THE main Spanish group leading the charge against the Eastside development has denied it is ‘just another hostile anti-Gibraltar voice from Spain’.
Environmentalists Verdemar Ecologistas en Accion has regularly denounced the £340 million marina project on the Rock’s Mediterranean side.
The group recently said it was a ‘disgrace’ that it was left up to them to ‘defend the interests of Andalucia and Spain’.
However, spokesman Antonio Muñoz Secilla told the Olive Press that the group was not motivated by grinding the nationalist axe.
“We are not interested in questions of sovereignty or litigating who owns territorial waters,” Muñoz said.

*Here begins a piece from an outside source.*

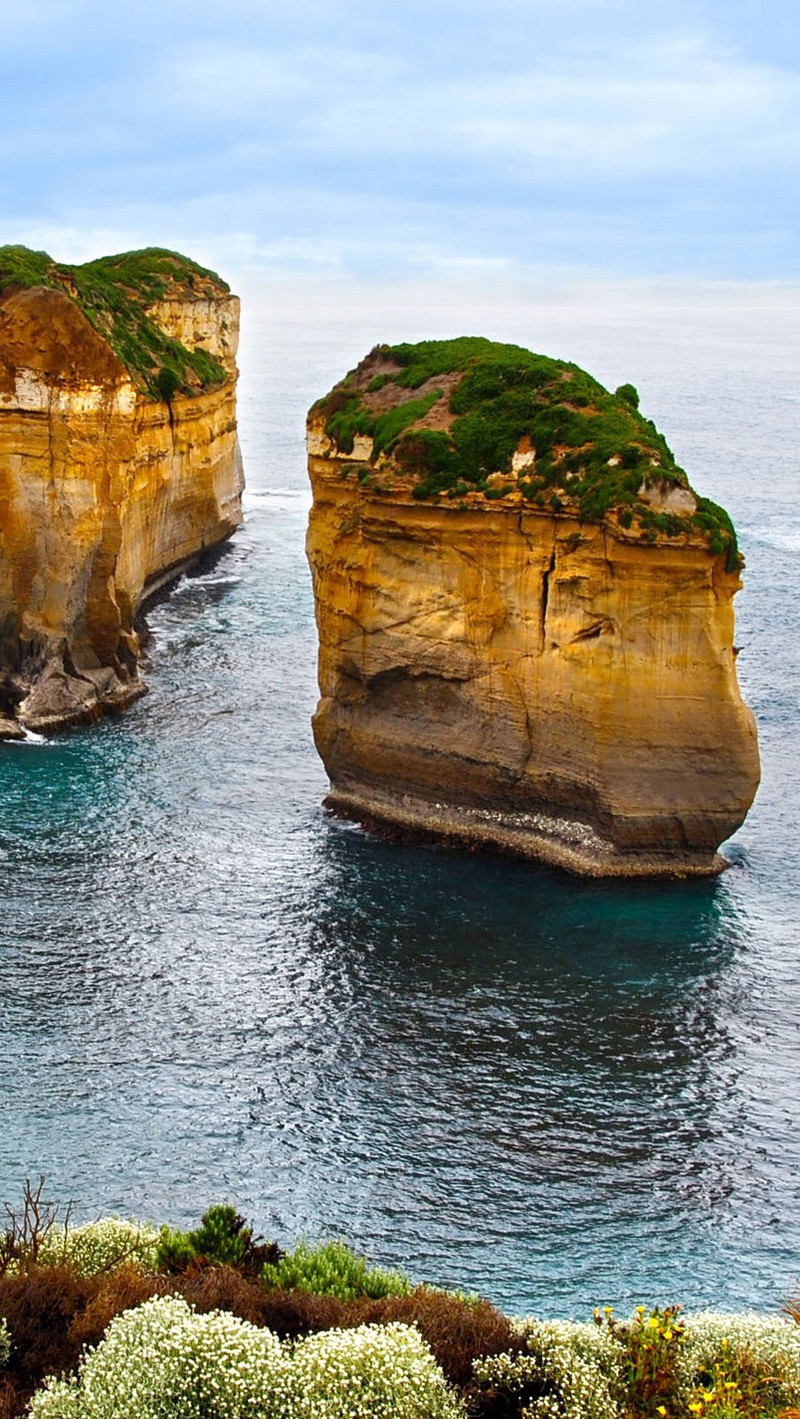 В воде стоят два больших камня (остров, море, вода)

“The environment has no borders. We denounce landfills and other environmental violations in Spain just as quickly as in Gibraltar.
“Verdemar is fighting the stone dumping that Gibraltar is carrying out just as we did during the expansion of the Port of Algeciras.
“We denounced the 700,000 square metres that were reclaimed in the Bay of Algeciras to build that port over several years.”
Verdemar has also complained about the ‘suspicious silence’ from the Spanish foreign ministry over its denuncias in Madrid against the Eastside project.
“We believe that economic interests may explain why there is so much silence from the main political parties in Spain,” Muñoz added.
Gibraltar has imported almost 50,000 tons of rock dug up from quarries in Spain, according to the group, which they claim is damaging protected habitats and archeological sites.
“Not only is the Eastern Strait conservation zone being affected, but also the Sierra de la Utrera, the Manilva River and its habitats protected by European legislation, such as the Hedionda baths, are in danger,” the group complained.
“There are important archaeological sites that show the presence of communities in the area during the Lower Paleolithic, more than 200,000 years ago.
“There are at least 92 caves, 23 of which show human occupation, with traces of the Mesolithic and Neolithic ages, as well as representations of rock art, which is why the Hediondas Underground System was declared a Site of Cultural Interest in 2014.
“In the area of ??the Torcal there is also the archaeological site of Villavieja, occupied since the 2nd millennium BC, whose populations maintained contact with the first Phoenician sailors who came to settle in this area of ??the Mediterranean.